Just spent a good part of the afternoon reading up on bolts, grades and strength considerations. I am by no means an expert in this area, but I think I would go with grade 8 for the hitch and for the metric nut strips at least an 8.8, but better yet with a 10.9 if possible. Check this out.
Brent.
 
grade 8 at least. higher tensile means a tougher bolt in most cases. an 8 will break where something like a 5 would tend to stretch rather than just break...but a 5 has a lower tensile. tensile is the force applied to a material by pulling it apart (other forces include; shear, compression, torque and impact...)
kinda like bubble gum a lower grade tends to be more plastic, but if you were to "treat" a lower grade to make it stronger, and in this case harder, it would be akin to putting the gum in the freezer making it harder to chew.
do some research into who made the bolts and the process, because in my limited experience not all 8's are created equally. IMHO
 
Hmmm, got into this discussion before, Unless I'm mistaken the winch plates are SHIPPED with grade 5 from the manufacturers and the reason is that the grade 8 will fail all of a sudden, with grade 5 you get some warning when they stretch instead of watching the winch head downrange when the grade 8's let go. I also seem to remember that while grade 8's work great for head bolts where the tension is straight up against the bolts they are not quite so strong when the tension is 90deg off or at a right angle.

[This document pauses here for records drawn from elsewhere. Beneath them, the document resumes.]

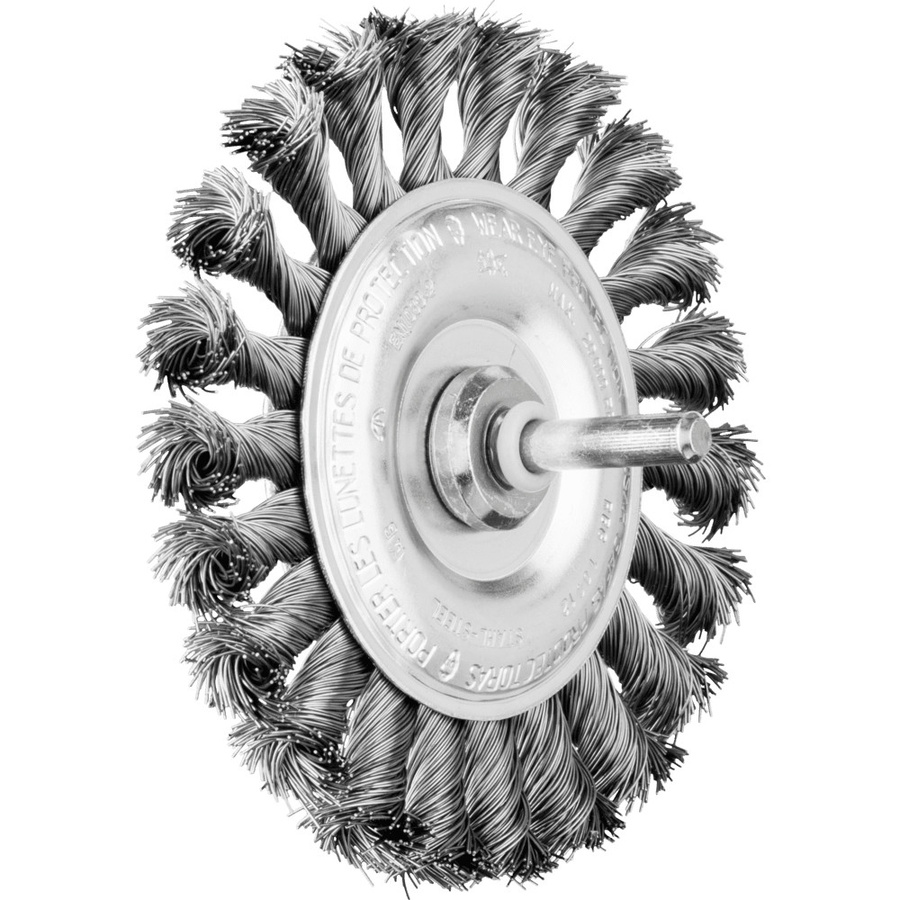 PFERD Rundbürste gezopft RBG aus Stahl mit Schaft-Ø 6 mm und Draht-Ø 0,35 mm, Durchmesser 100 mm, Farbe Silber - Bild 1
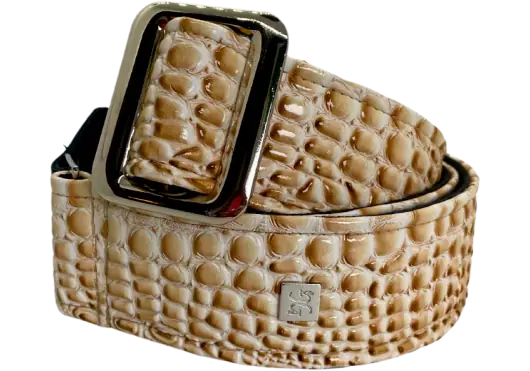 GETM Aussie Gator Western Cream Sangle Guitare/Basse en similicuir et nylon Longueur réglable 165 cm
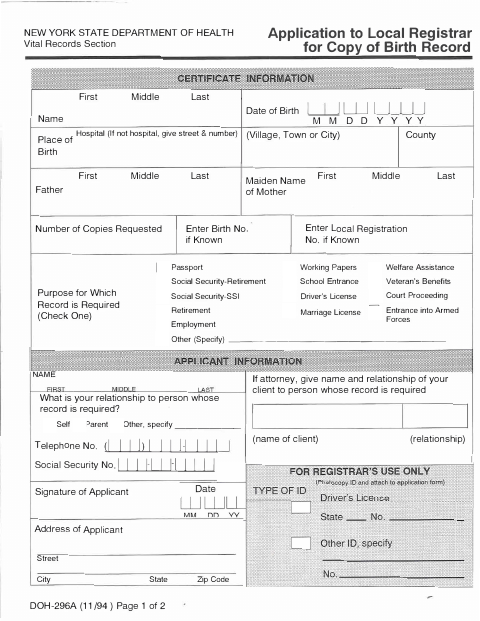 First page of the Birth Certificate Copy Application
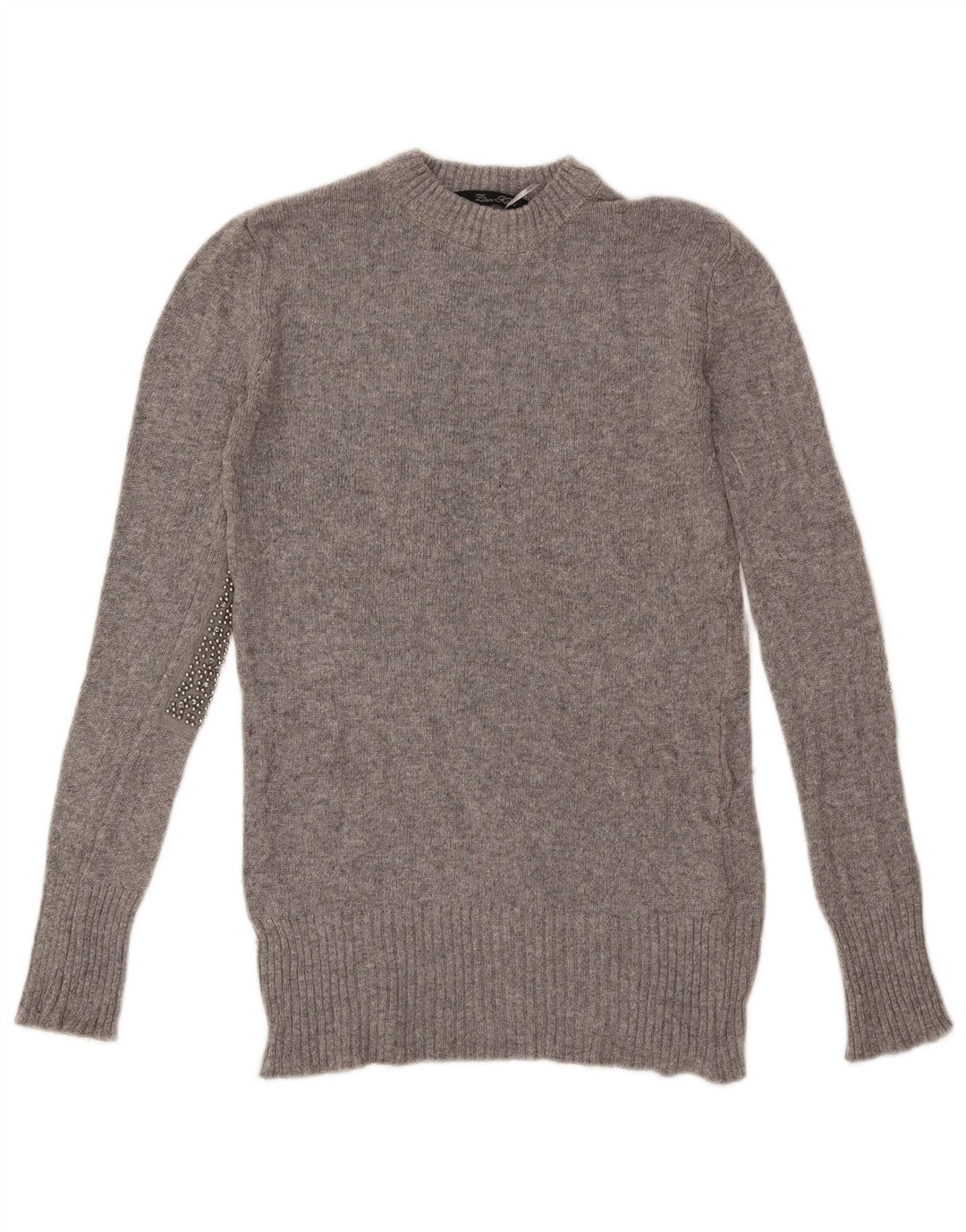 Sweter damski Zara z okrągłym dekoltem UK 10 Small, szara wiskoza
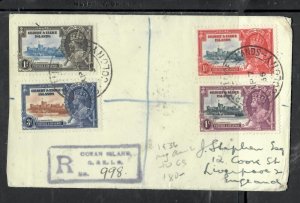 GILBERT & ELLICE ISLANDS COVER (P0601B) 1936 KGV SILVER JUB SET REG OCEN IS-UK 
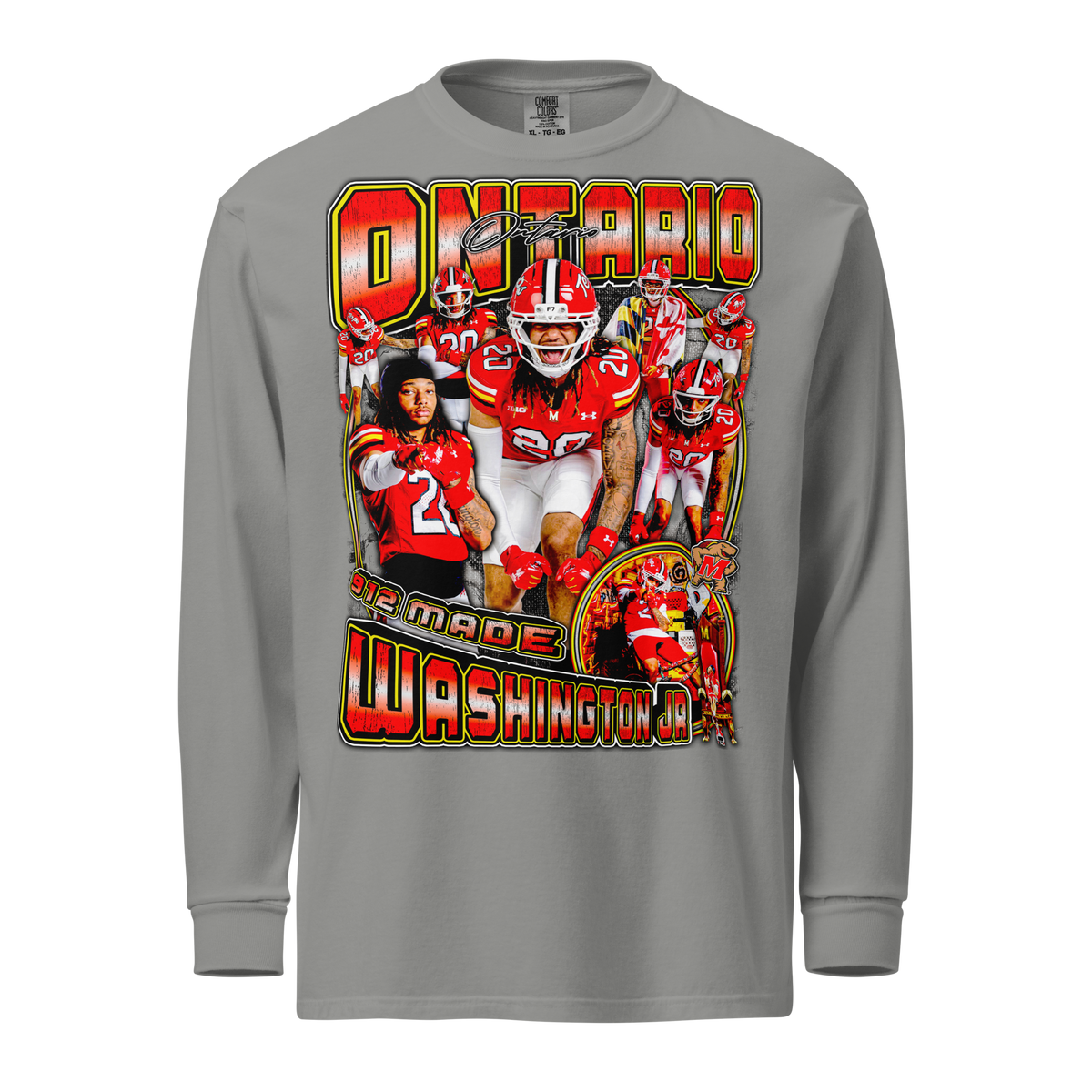 Ontario Washington Jr Comfort Longsleeve Tee - Grey - Product mockup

The army used grade 8's on the armour on our bradleys from the factory, when the M2's dropped or were airborn the side armour would drop off from broken bolts when you came down, they replaced them with grade 5's, same on the M1's, BUT, that was also during the same time period when they got a whole lotta bogus grade 8's in the system too when the contractor gun decked the destructive testing results to save money.
The 201 jeep course that I went to this past summer also recommended grade 5 on the winch plate for that same reason, a grade 5 when it stretches and relaxes is still a grade 5, when a grade 8 is overstressed it is not even a grade 5 after that....
I also seem to remember that you don't reuse grade 8 head bolts once they have been torqued and used for any length of time....
Just my .02, I'd ask the warn people myself and see what they say...
 
thank you for that answer. i saw two answers that i would consider wrong and then that last one (grade 5s) was what i was thinking myself. think of the logic behind it. grade 8s are harder and therefore more brittle. stressed enough they will snap, grade 5s will too but it will be less likely. think of a glass cup and a hard plastic cup (acrylic). you could stand on either probably without breaking it (compression, similar to tension but oppisite direction). if you were to lay a cup on its side, it would break if it was glass and you stood on it. if you were to stand on they acrylic cup it would bend quite a bit and then break. so at the limit there is a little more room for error with the more flexible material.
 
yea, but you can take that analogy a bit futher, *maybe* that glass cup would not break untill you picked up an extra 100lb weight and then stood on it. Personally I'd rather have some warning other than a quick -groan snap-, the 5's would provide more warning kind of like a tattletale on a heavy line. If the total winch strength of say a 9000lb winch is well within the safety margins of the grade 5's and the grade 8's provide twice that strength then the grade 8's are a waste of money and grade 8's are a alot more expensive than grade 5's. I just had to buy new head bolts for a 89 4.2 in a YJ and that was a shocker, never new those puppies were that expensive. I also thought it was interesting that the length of the old head bolts and the new ones had a visible difference, the old ones were almost a 32" longer, don't know if it was just that they were made that way, different lot variations or if they had stretched out.
The other downside is that if you break a grade 8 they are a SOB to drill out, the 5's are not that bad and here in Pa bolts rust in place in about 3 years even with anti-seize though I now use the copper kind, lasts longer than the silver.
I have also started using again a thomas and betts product called SC40, it's a spray on rust inhibator that coats the threads and puts a seal between the nut and the thread and needs to be removed with a spray cleaner that breaks it down, stuff is marine rated and an anti-corrosive coating, had to special order it thru a local electrical supply house.
 
Personally, grade 5 not 8. 8's have higher tensile but lower shear than 5's. On a hitch you want the shear strength. PLus gr8 does seem to fail all at once and gr5 gives you warning.

Sarge
 
If a grade 5 bolt supposedly has a higher resistance to shear when compared to a grade 8 then why is the shear rating of a bolt generally rated as 60% of the bolts tensile strengh in pure axial tension?????

Because it isn't true.

A grade 8 bolt is stronger than a grade 5 bolt IN EVERY WAY!!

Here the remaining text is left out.